Description of the task:
A verbatim copy of every record is required, and no pictures should be included.

Extracted data entries:
┌──

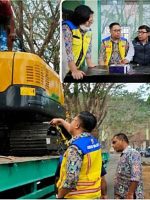 KEPALA BPJN Maluku Utara, Abdul Hamid Payapo mengawal penurunan alat berat di TPA Takome, Rabu (14/10/2026)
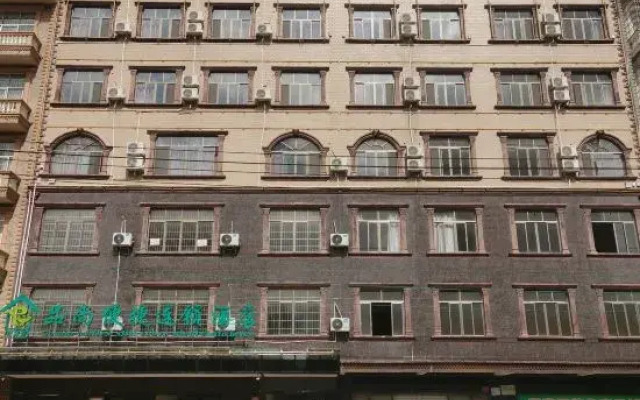 Pinshang Express Chain Hotel (Dongxing Guomen Port)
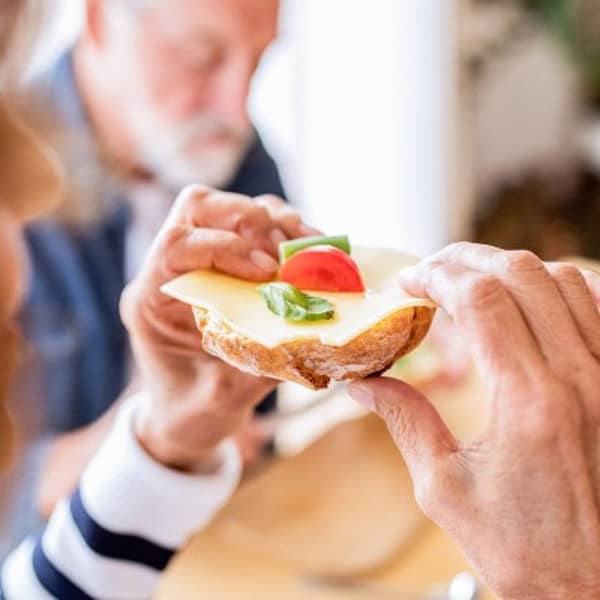 Es wird bei einer Verkostung etwas probiert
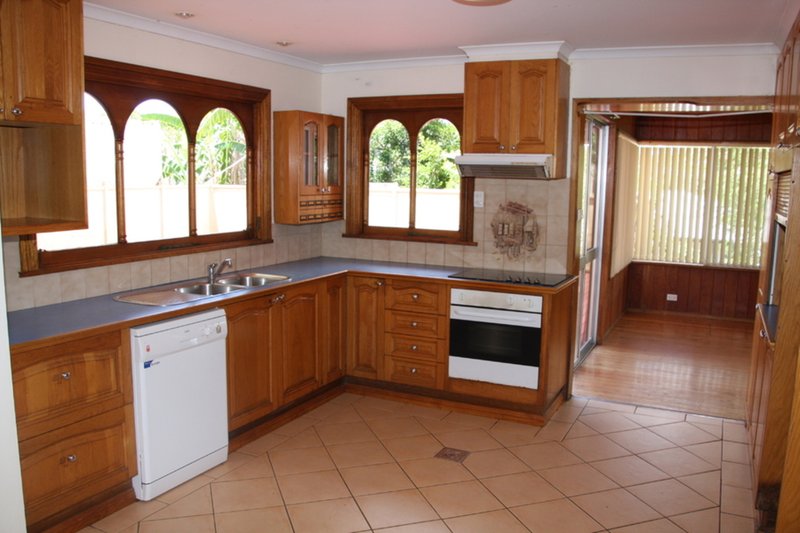 Photo - 12 Laurel Street, Port Macquarie NSW 2444 - Image 2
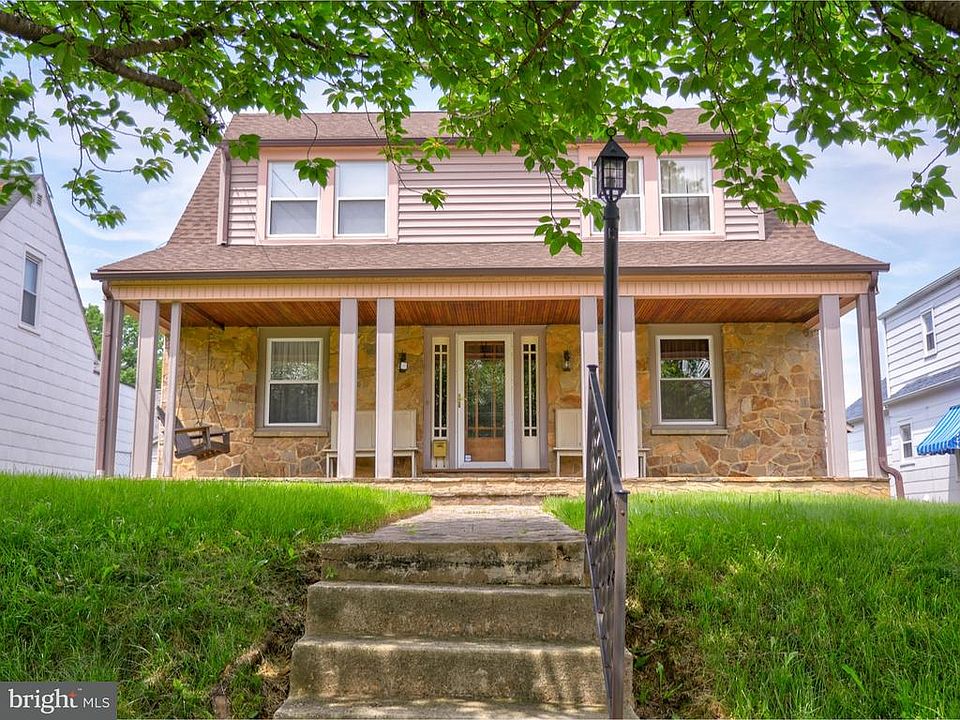 1st image of 203 Victoria Ave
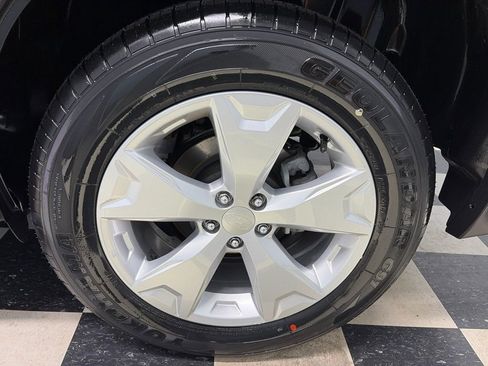 Used 2016 Subaru Forester 2.5i Limited w/ Popular Package #2 AWD/4WD image 9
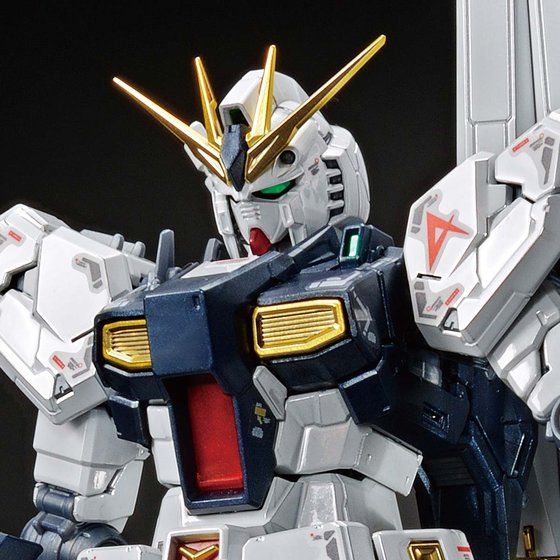 RG「νガンダム［チタニウムフィニッシュ］」＆「サザビー［スペシャル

└──

Exercise solution:
 KEPALA BPJN Maluku Utara, Abdul Hamid Payapo mengawal penurunan alat berat di TPA Takome, Rabu (14/10/2026)
 Pinshang Express Chain Hotel (Dongxing Guomen Port)
 Es wird bei einer Verkostung etwas probiert
 Photo - 12 Laurel Street, Port Macquarie NSW 2444 - Image 2
 1st image of 203 Victoria Ave
 Used 2016 Subaru Forester 2.5i Limited w/ Popular Package #2 AWD/4WD image 9
 RG「νガンダム［チタニウムフィニッシュ］」＆「サザビー［スペシャル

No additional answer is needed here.